Cosa c'è in mostra? Il confronto con il lavoro di un artista e quello di colleghe con linguaggi espressivi diversi che cambiano nel tempo: "Quando Paolo ha deciso di farmi la festa - spiega Francesco Vaccarone, alludendo ai suoi ottant'anni compiuti lo scorso anno -, abbiamo pensato anche a come potessi passare idealmente il testimone.
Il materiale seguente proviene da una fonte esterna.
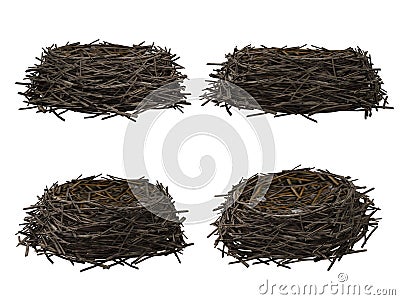 Nest, isolated on white background Stock Photo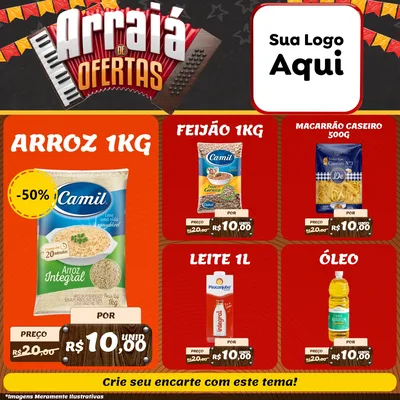 Modelo de Rede Social para Feed Facebook com o tema Arraiá de Ofertas - Junina para Supermercado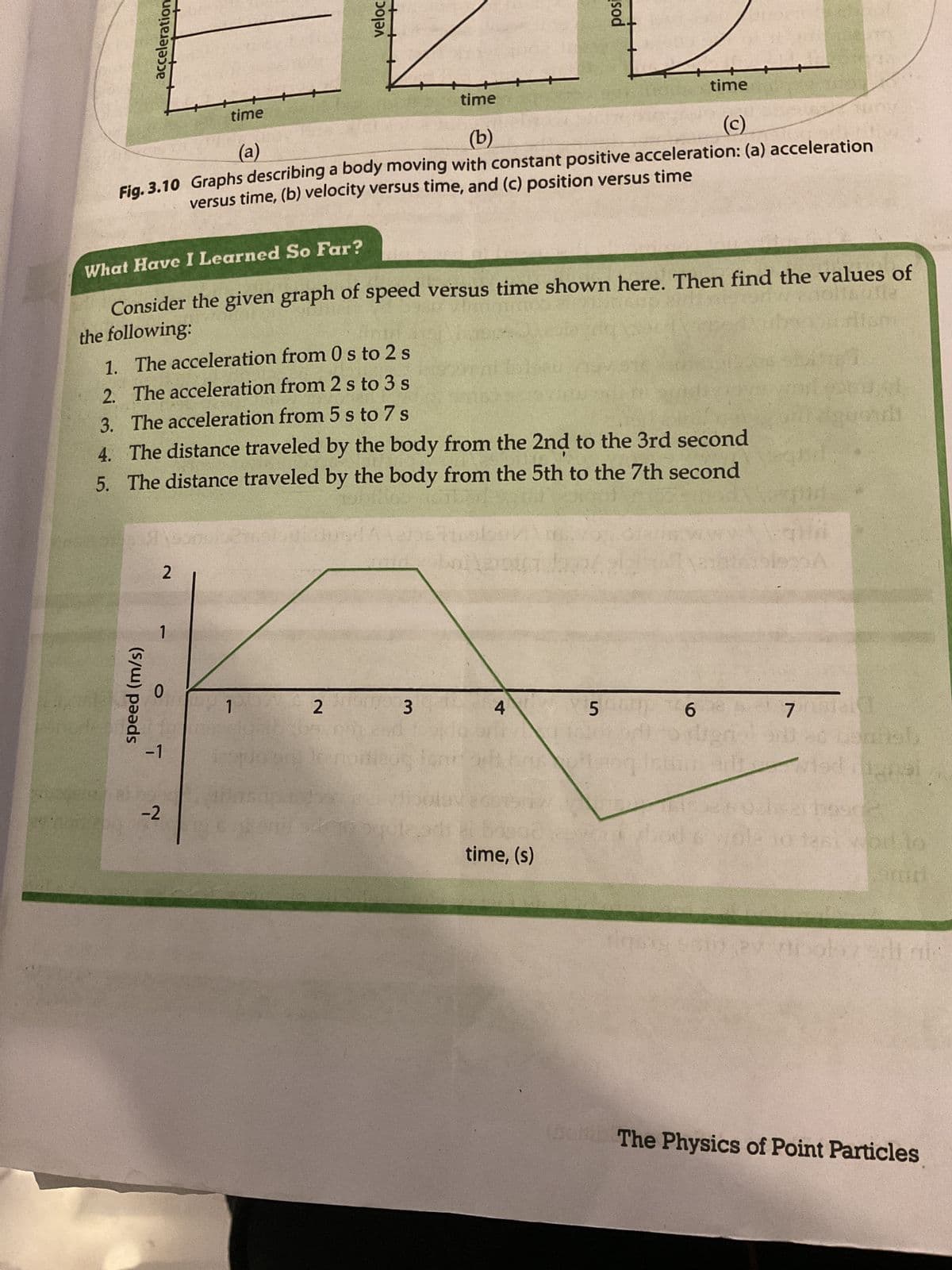 acceleration
++++
time
(a)
(b)
(c)
Fig. 3.10 Graphs describing a body moving with constant positive acceleration: (a) acceleration
versus time, (b) velocity versus time, and (c) position versus time
speed (m/s)
What Have I Learned So Far?
Consider the given graph of speed versus time shown here. Then find the values of
the following:
1
1. The acceleration from 0 s to 2 s
2.
The acceleration from 2 s to 3 s
3.
The acceleration from 5 s to 7 s
4.
The distance traveled by the body from the 2nd to the 3rd second
5. The distance traveled by the body from the 5th to the 7th second
2
0
-1
veloci
-2
momen
time
1 2 3
posi
bado 30.20
onit
4
time, (s)
5
time
6
Or
[16]
Menin
qui
grovdi
7 Moleto
obsaheb
Mied (20
od s volano tesi vor to
szli nie
The Physics of Point Particles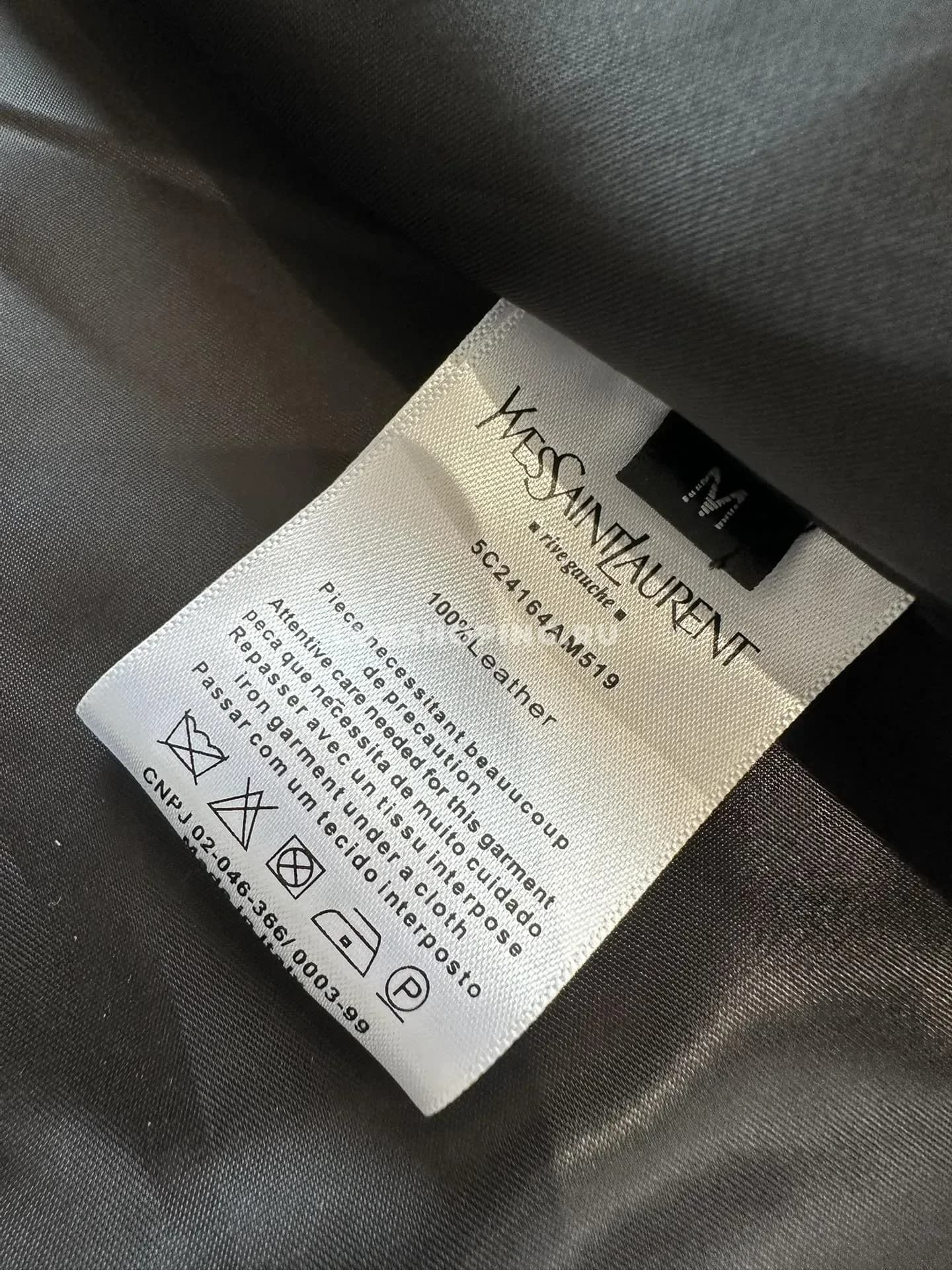 Кожанная куртка косуха YSL черная - фото 2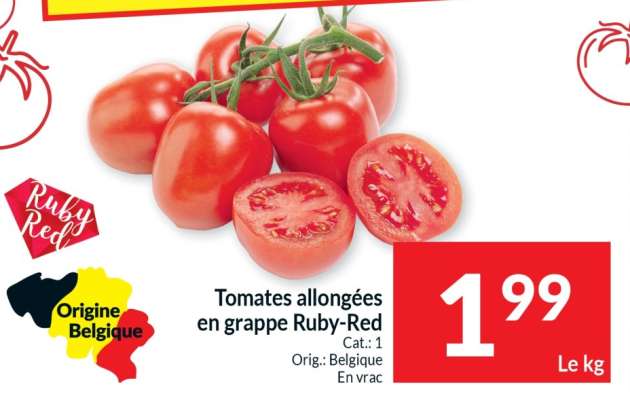 Tomates allongées en grappe Ruby-Red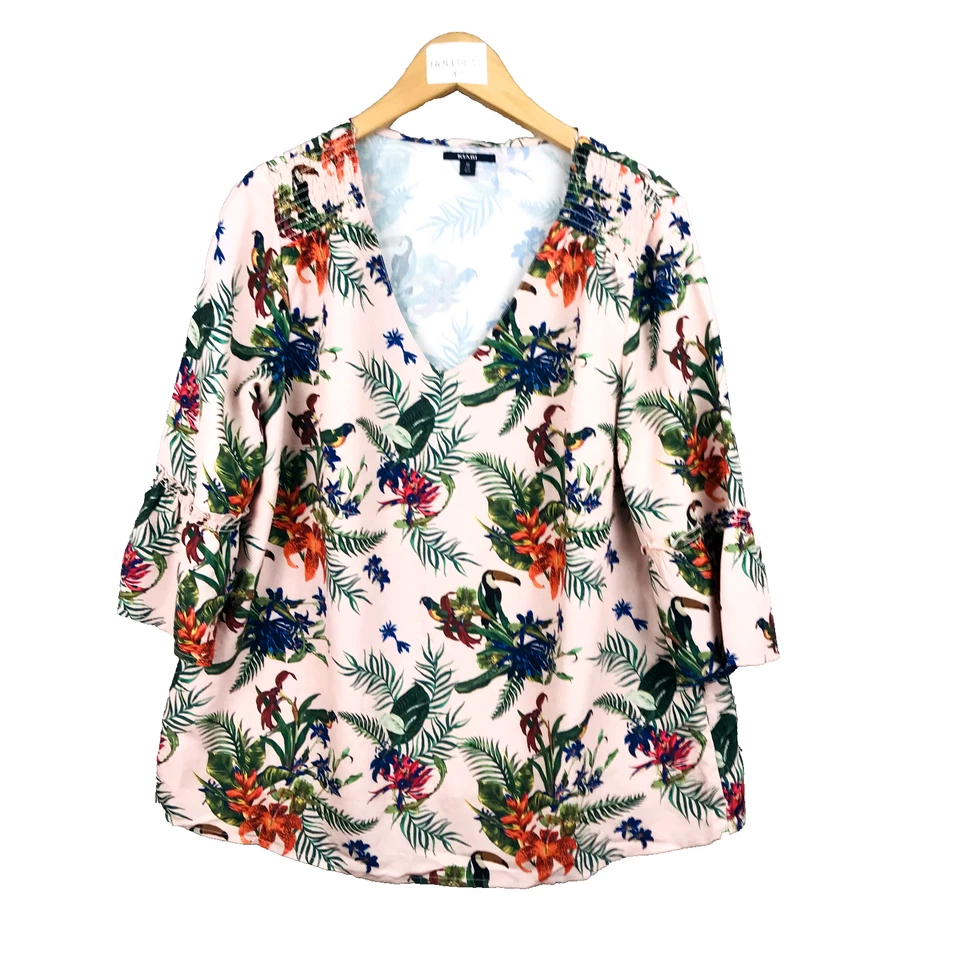 Kiabi Blouse rose taille 48 motifs multicouleurs oiseaux top haut dames ladies - Photo 1/4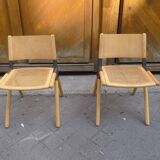 Scandinavian chairs with metal brace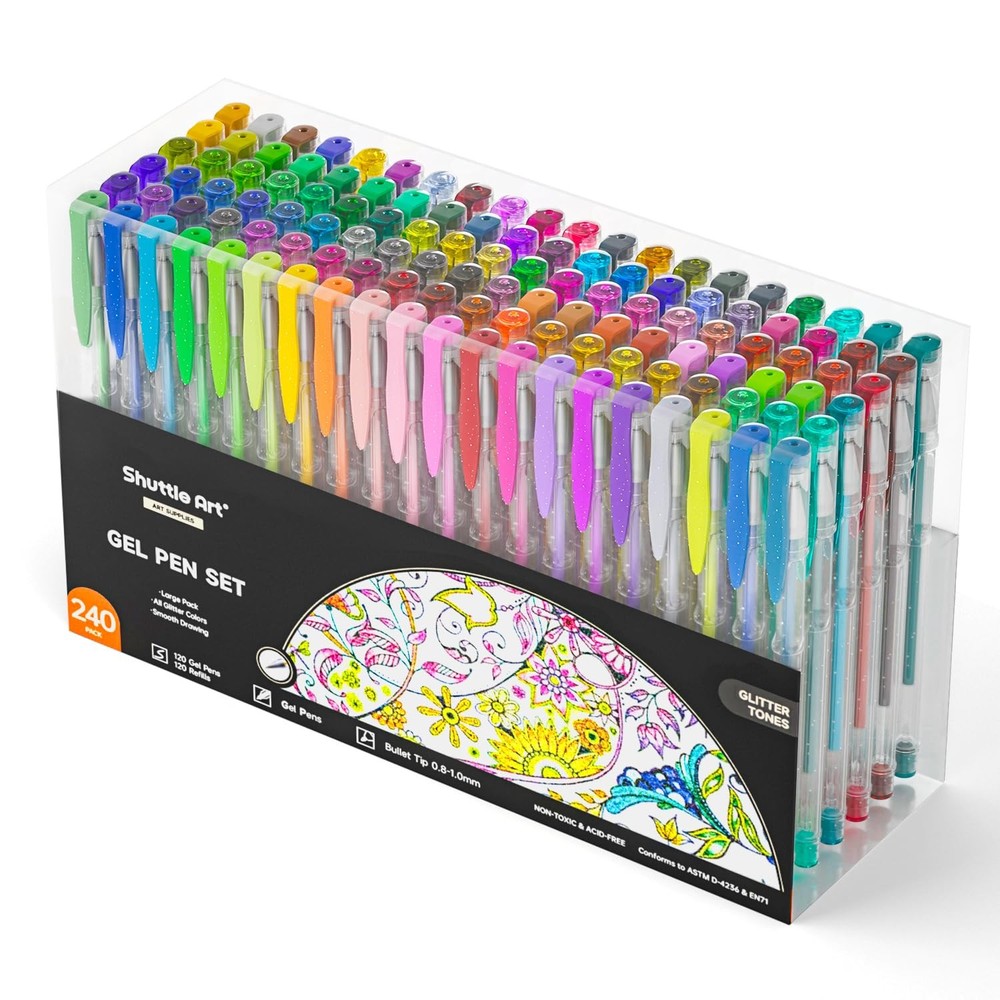 240 Pack Glitter Gel Pens, 120 Colors Glitter Gel Pen Set with 120 Refills for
Nel libro ci sono gli "epitaffi" di tanti carissimi amici che ringrazio; al tempo stesso sono state scelte otto giovani artiste con le quali ho l'onore di inaugurare questi spazi che Paolo Asti ha voluto donare alla città. Questa è una piccola realtà che ha però una tradizione artistica importante: ricordo, tra le altre cose, che qui ci sono stati tre premi Strega. Credo che l’arte contemporanea debba essere un luogo aperto, proprio come Startè". Presenti nella giornata inaugurale Giorgia Abbati e Luna Berlusconi: "Due anni fa ho conosciuto il maestro, sono entrata nel suo studio e ho avuto la possibilità di viverne la magia - spiega quest'ultima -. Siamo rimasti in contatto ed eccoci qui: è un onore partecipare ad una collettiva con il Maestro Vaccarone. Musei chiusi per troppo tempo? Credo soffriranno ancora ma c’è una progettazione sul digitale che si deve portare avanti, anche se io stessa non riesco a trovare piacere a guardare attraverso il pc: si perde l'energia dell’opera. Sinceramente quando mi ha chiamato Paolo ho avuto una sensazione di liberazione. Di fatto era un anno intero che non esponevo, era saltata anche una mostra in programma all’estero. E' chiaro che per un'artista l’esposizione è la cosa più importante". Giorgia Abbati è invece di Parma ma i suoi studi universitari li ha fatti a Bologna, sotto la guida di Valerio Deho: "Ho conosciuto Paolo Asti grazie a Deho, sono stati entrambi molto disponibili. Queste iniziative fanno sentire considerate, stabilire rapporti e favorire un dialogo. Felice di aver conosciuto Vaccarone, anche io sono stata nel suo studio. Non ero mai stata a Spezia fino alla scorsa settimana, ho visto Piazza Verdi, ho molto apprezzato le installazioni di Buren. Ringrazioe e spero in altri dialoghi come questo. Ora è tutto più distante però secondo me dobbiamo sfruttare le opportunità che ci sono online per "far girare" la cultura. I musei devono osare di più e meglio su internet. Puntare di più sull qualità di quello che espongo".